Guidance Note: EITI Requirement 4.7
|This guidance note refers to the 2019 EITI Standard.|
Company payments to governments related to oil, gas and minerals are often levied on a project-level basis, i.e. per individual legal agreement giving rights to an extractive deposit. Government entities collecting such payments also record the receipts by project in their internal systems, often with the exception of general taxes such as corporate income tax, which is typically (but not always) levied and recorded by legal entity.
Public disclosure of payments and revenues by project (also called “project-level” or “project-by-project” reporting) enables the public to assess the extent to which the government receives what it ought to from each individual extractive project, because actual payments can be compared with the terms set out in the laws or contracts governing the project. Project data can help tax administrations address possible tax evasion or avoidance by shedding light on pricing arrangements and identifying risks of transfer pricing manipulation.

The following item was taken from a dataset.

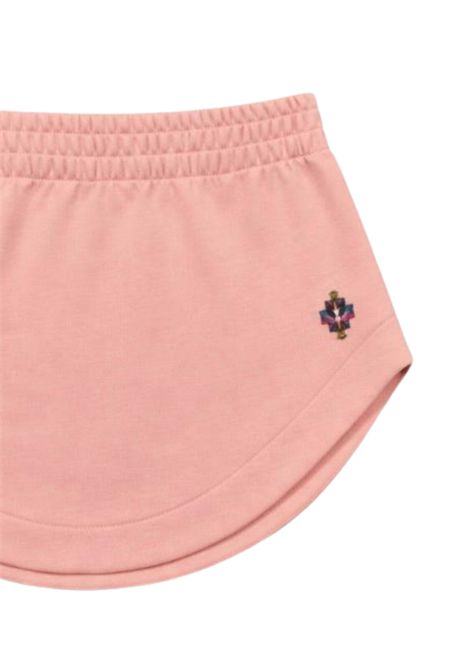 Gonna bambina rosa in cotone MARCELO BURLON | GSK077ROSA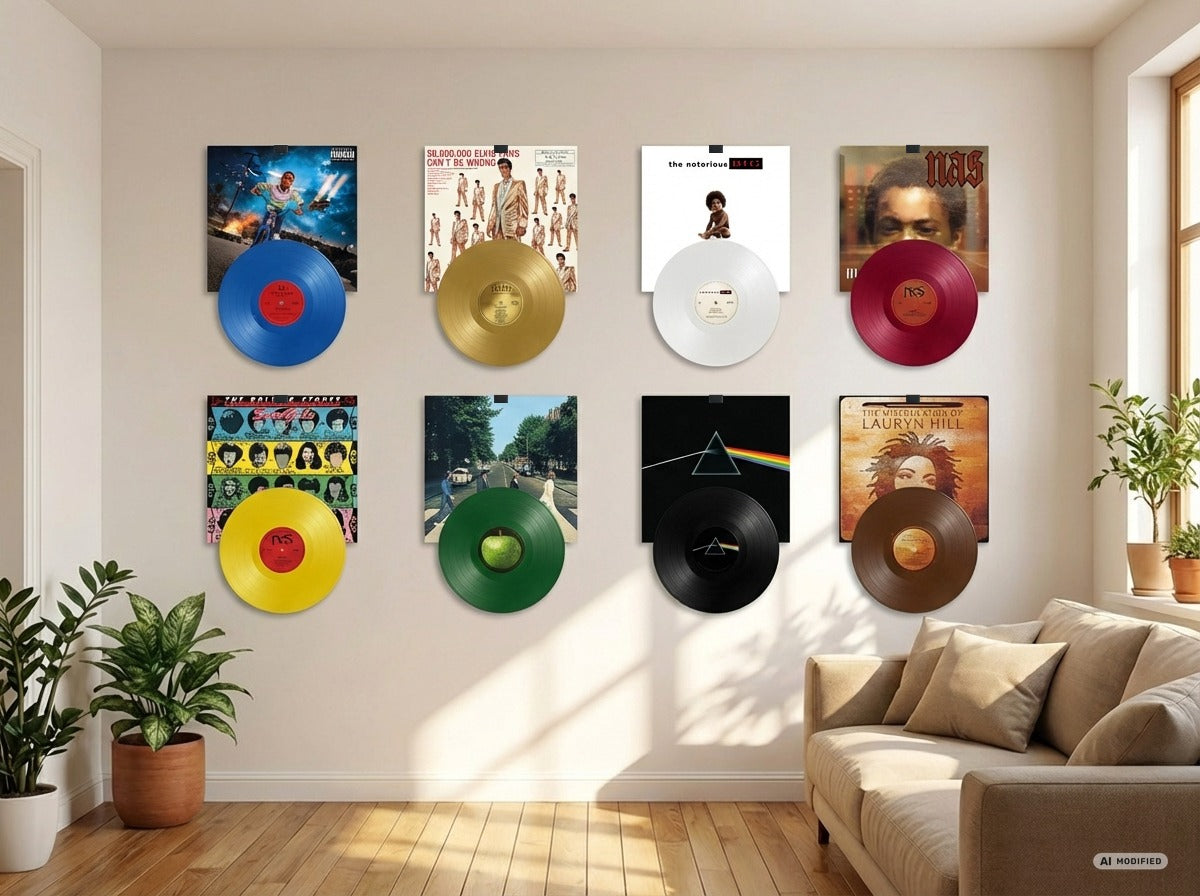 Schallplattenhalter - Wand LP Holder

For host communities, it can contribute to show the benefits that each extractive project generates and can enable subnational government entities to calculate their share of project-level income. It can also assist governments in making more accurate forecasts for future changes in revenues. In terms of costs and benefits of project-level reporting in the EITI, it has been pointed out by government agencies in particular that reporting by project would be easier than current reporting of aggregates, as it would be more consistent with how governments levy and record payments or revenues. This could reduce time, costs and discrepancies in EITI Reporting. The investor community has also been supportive of project-level reporting, noting how such reporting can contribute to a more stable investment climate and improve investors’ ability to manage risk.
The EITI Standard requires that financial disclosures must be disaggregated by project for reporting covering fiscal years ending on, or after, 31 December 2018. This guidance provides a step-by-step guide on how to report “project-by-project”, including how to apply the definition of a project, how to identify the level of disaggregation for each revenue stream, as well as who should report.